O sintético tem a capacidade de lubrificar mais rápido e dura mais. A média é 10 mil quilômetro para realizar a troca de um óleo sintético. “Quando não ocorre a direção severa diminuindo a quilometragem para cinco mil”, explica o especialista. Esse tipo de condução, conhecida como “anda e para”, acontece sempre nos centros urbanos, onde os motoristas precisam fazer várias paradas ao longo do trajeto por conta de semáforos e congestionamentos.

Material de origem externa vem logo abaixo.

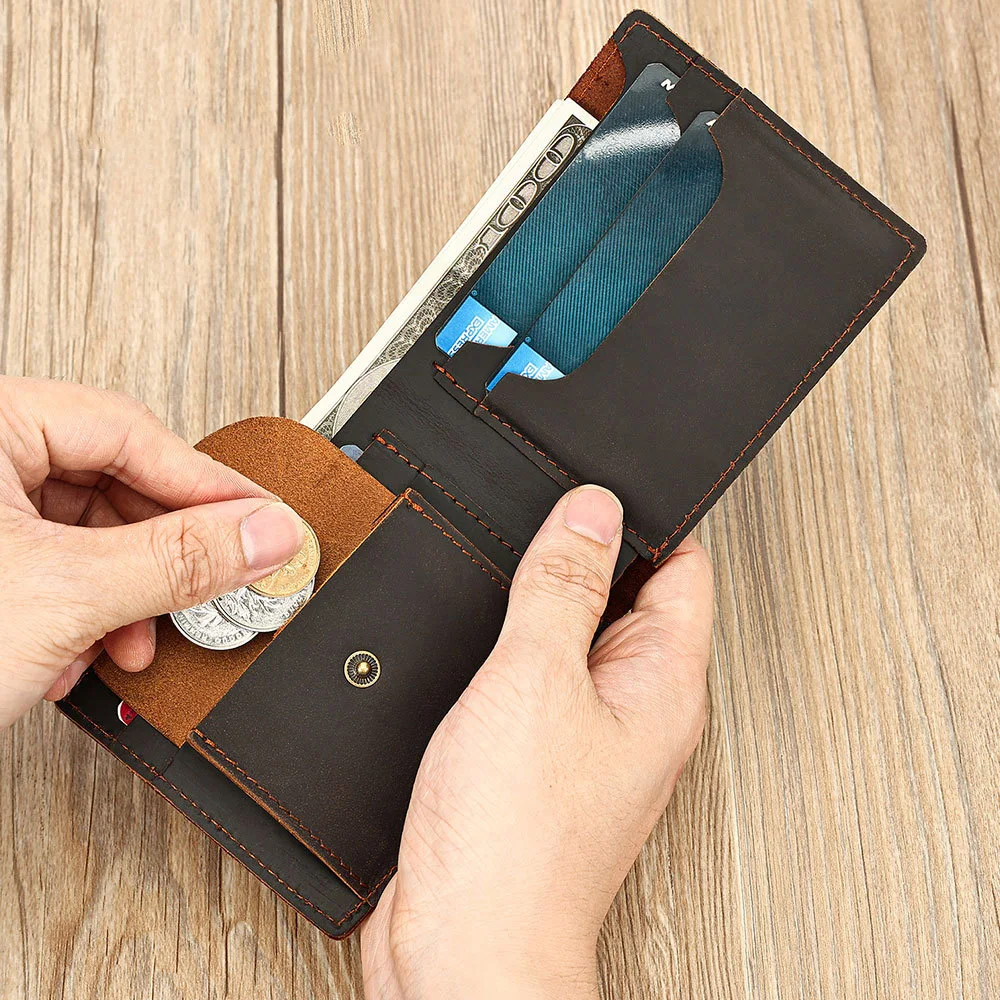 남성용 동전 주머니 이중 이탈리아 가죽 지갑이 있는 정품 가죽 남성용 지갑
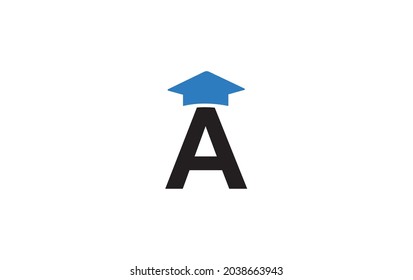 Educational sign and graduation cap by A letter. Education learner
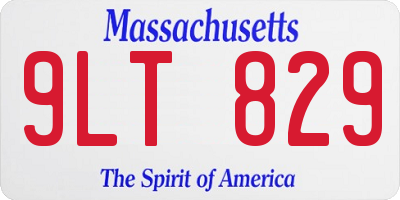 MA license plate 9LT829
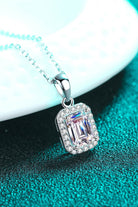 Emerald Cut Moissanite Halo Pendant Necklace - Rhodium Vermeil- Claude Jewelry Moissanite - Shop claudejewelry.com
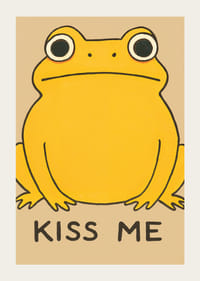 Yellow frog with humorous twist invites you for a kiss-3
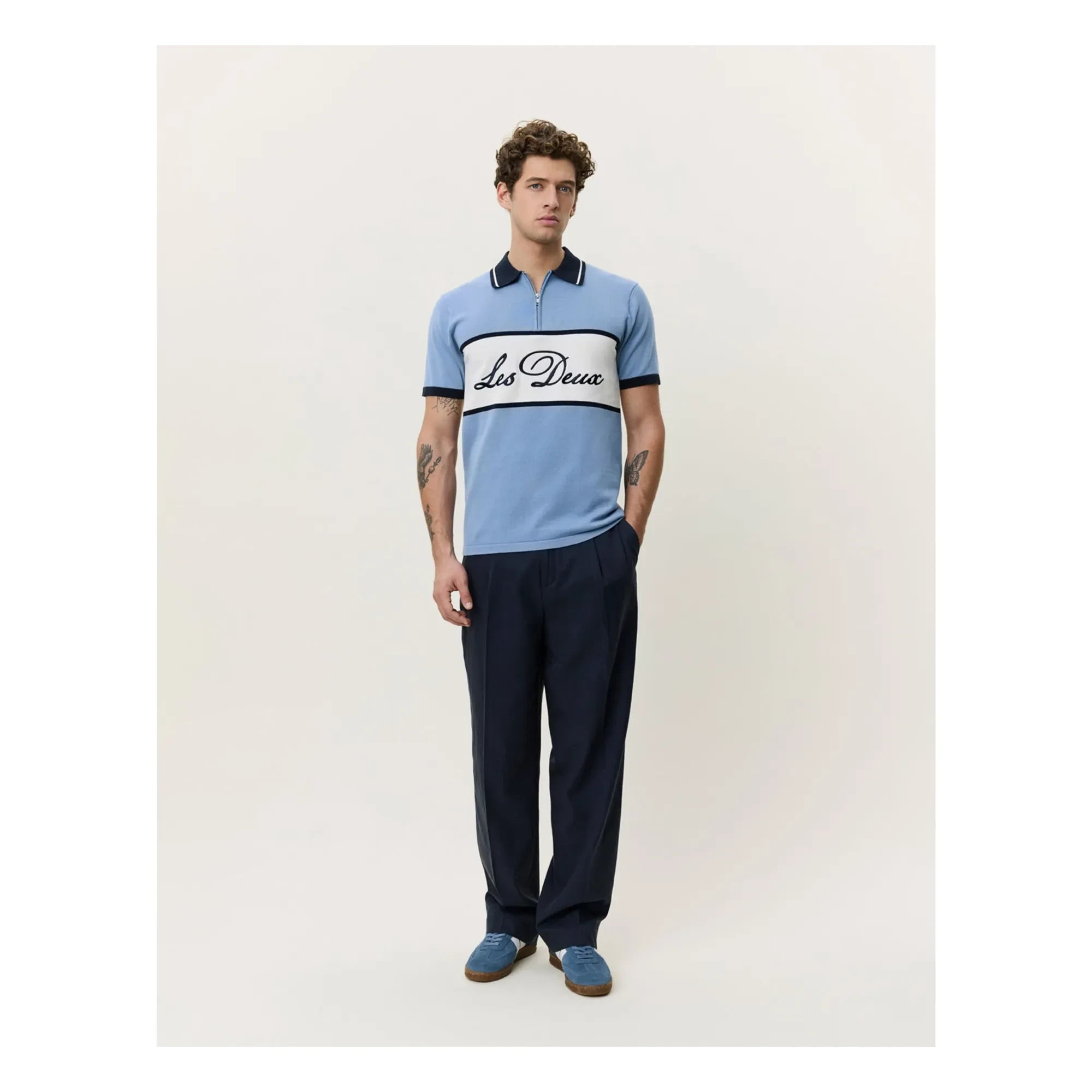 Les Deux - Zip-up Polo | Light blue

A principal característica do bom óleo é a viscosidade, que com o passar do tempo muda de aparência. Quando isso acontece, o atrito entre as peças aumenta, prejudicando a vida útil e o desempenho do motor, que acarreta em maior consumo de combustível além de danificar a peça.

Como saber
Verificar o nível de óleo no motor é simples. Antes de começar o procedimento é necessário esperar, no mínimo, cinco minutos com o motor desligado. Esse tempo é para que todo o óleo desça até o compartimento, caso contrário o nível pode estar abaixo do real. Depois é só retirar a vareta, limpá-la, colocar de volta e depois retirar novamente. É preciso observar se a marca está entre os indicadores de máximo e mínimo, isso significa que não será necessário completar.

Caso a marcação esteja abaixo do recomendado é preciso checar a situação do carro para saber se completa o óleo ou faz a troca completa. O recomendado é sempre fazer a troca, mas em alguns carros mais rodados é comum o nível abaixar, então completar é o mais aconselhado. No entanto, se a marcação estiver acima do indicado pode haver aumento na pressão do cárter, vazamento ou ruptura de bielas, além do óleo em excesso ser queimado na câmara de combustão sujando as velas e as válvulas, danificando o catalisador no sistema de descarga do veículo.

Se a troca foi realizada há pouco tempo, pode-se completar, porém é preciso seguir algumas precauções antes. O lubrificante utilizado deve ter a mesma base e viscosidade do que já está no motor. Essas especificações estão discriminadas no manual do veículo, mas em um posto de troca especializado é possível encontrar um relação do modelo, ano e tipo de óleo que deve ser usado. Colocar óleos diferentes, jamais, pois a prática pode neutralizar algumas funções do produto e prejudicar o desempenho do veículo.

E os esportivos?
Cada lubrificante tem uma especificidade diferente o que acarreta em preços e tempo de troca distintos. O que pode variar também de acordo com a quilometragem e a fabricação do carro. Para carros de alta performance é recomendado utilizar óleo sintético, porque mantém a temperatura constante independente da temperatura. O que garante uma lubrificação correta dos componentes.

A troca do filtro deve ser feita a cada duas trocas de óleo, mas alguns fabricantes recomendam que as trocas sejam simultâneas, para evitar a mistura do novo com o residual do que sobrou.

Porém, depois de utilizado, esse material se torna um resíduo perigoso que pode causar danos à saúde das pessoas e ao meio ambiente quando mal administrado. Para evitar transtornos, o óleo que não serve mais deve ser rerrefino (processo de recuperar o óleo para sua reutilização), um processo químico que o transforma em óleo mineral básico novamente.

É possível fazer até trocas do óleo sozinho ou em oficinas delivery, que vão até o condutor.